利用者:Lukasstockner97/GSoC 2016/Weekly Reports/Week 5

提供: wiki
移動先: 案内検索

Hi!

This week, I finished the GPU denoising kernels - it turned out to be bit more work than I expected since I planned to use a different strategy for the seamless filtering there: On the CPU, tiles are denoised when their neighbors have been rendered. However, on GPUs, that approach has multiple problems: Tiles tend to be much larger and memory usage tends to be a major problem, so having 10 or more 256x256 tiles with 30 or more channels in memory isn't exactly great. Also, that would cause problems on Multi-GPU systems where neighbor tiles might be on different cards. Therefore, on GPUs a different approach is used: Instead of getting the pixels around the border from other tiles, each tile is internally rendered a bit bigger and only the pixels that will be visible in the end are filtered. Since the tiles are pretty large, the performance impact isn't that big: For 256x256 tiles at default settings, Cycles will render internally with 272x272 tiles, a 13% increase in pixels - not great, but the best option available as far as I can see. Therefore, I modified the RenderBuffer and RenderResult sync code to deal with "overscan", as I called it for now.
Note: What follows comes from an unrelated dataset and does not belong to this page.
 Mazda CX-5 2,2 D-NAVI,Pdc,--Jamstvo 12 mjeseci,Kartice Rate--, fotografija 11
With that in place, the CUDA kernels were fairly easy to add.

Next, I started working on the option to re-denoise after rendering is completed. Since I wanted a clean and flexible solution, I added a general "postprocess" option to the External Render API that comes with a poll function that checks whether a particular RenderResult can be post-processed, and a function that actually does the post-processing. These are then used by a operator that's called by a button in the image editor. From the Cycles side, the polling function already works, but the actual processing isn't implemented yet. Therefore, the button doesn't do anything yet. The reason for that is that I'm not sure how to implement it in the Session handling in Cycles: It could be added in as a third option, similar to how baking exists next to rendering. However, that isn't really great: Rendering and baking share most of the syncing code, only the final details (which device tasks are executed) are really different. For denoising, however, the situation is a lot different: All that's needed is 1. create a RenderBuffer from the existing result, 2. get tiles from the tile manager, 3. call the device to denoise them (no two-stage processing or overscan needed since the image is fully rendered to begin with), 4. write the result back. Therefore, the second option would be to add a simpler DenoisingSession, but that's not really nice either from a code design point of view...
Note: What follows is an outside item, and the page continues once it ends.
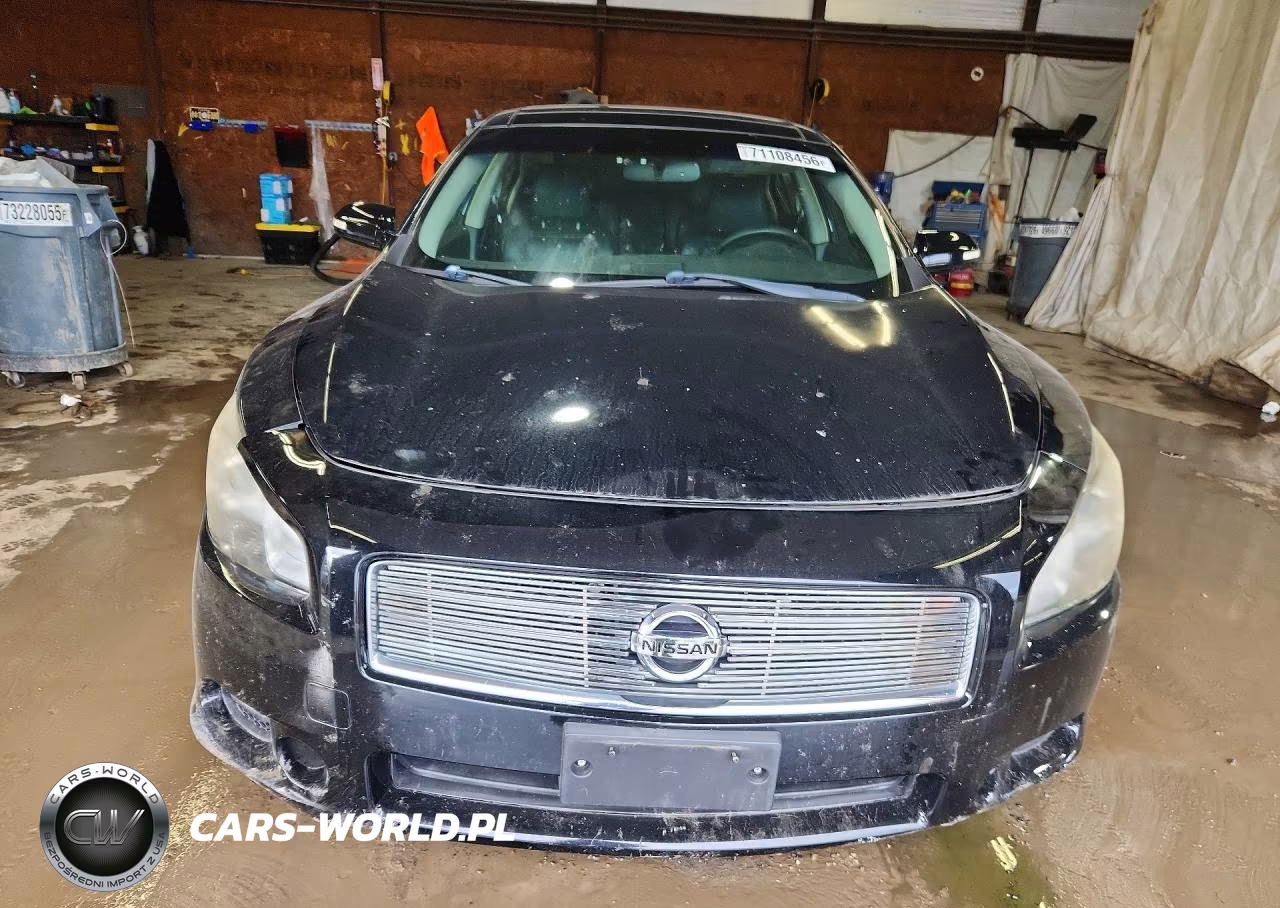 2010 Nissan Maxima 3.5 S VIN:1N4AA5AP5AC841859 - 5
So, from a user perspective, not too much changed in the branch: I added a currently useless button, but at least GPU denoising works now - or at least should.
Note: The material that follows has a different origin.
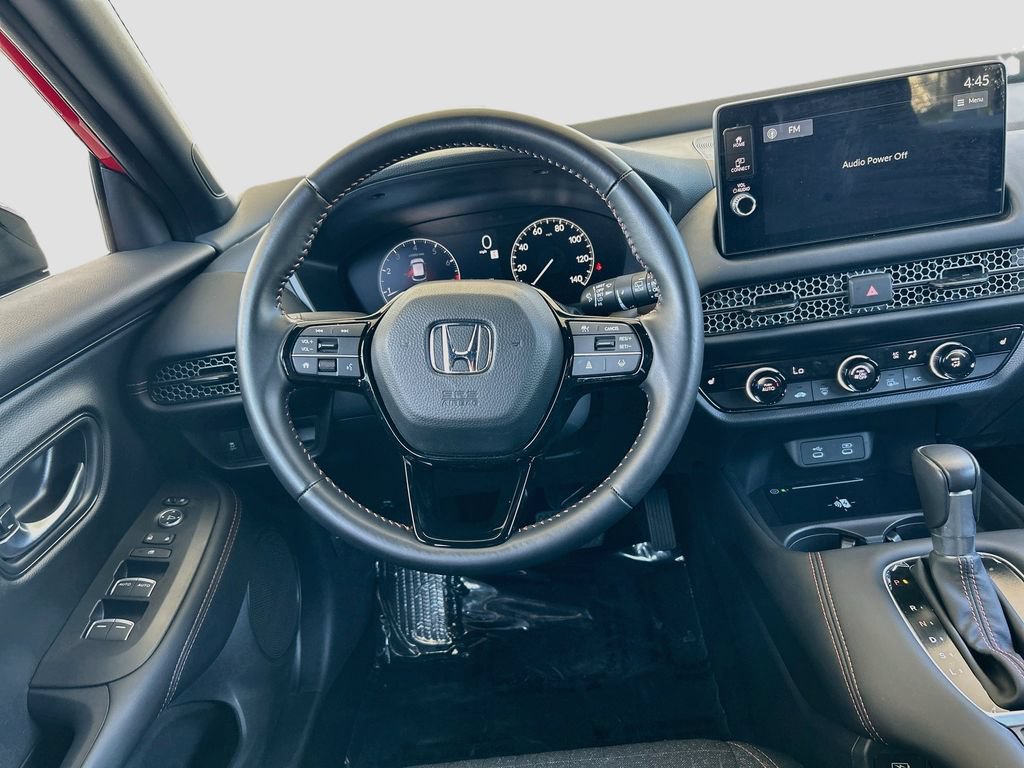 Certified 2026 Honda HR-V Sport image 21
Next to the denoiser work, I also did some work on other Cycles topics:

  • Bug fixing: I fixed T48691, T48698 and a few unreported bugs:
    • Building the Cycles CUDA kernels at runtime failed due to a new file missing from CMake (dfa7ddd)
    • Cycles crashed when using an environment texture with OSL (73cfbb0)
    • The anisotropic BSDF failed with OSL because the automatically inserted Convert node was connected wrongly due to a missing entry in the Socket Type -> Name mapping (9bce807)
  • Multi-Scattering GGX closures (D2002): Finally in master (23c2768)! I implemented the OSL bindings, fixed a few remaining numerical issues etc. Thanks to Brecht and Thomas for the review and suggestions! Next up is the Metallic BSDF based on the same paper (D2003)

Oh, and sorry for not providing any more test renders yet - I somehow overlooked the mail until now, and previously I didn't think that it makes too much sense yet because the filter is still buggy. Also, over the weekends I'm usually on my laptop, which means that every larger render takes a few hours... I'll render a few as soon as I'm back on the decent PC, though.

Lukas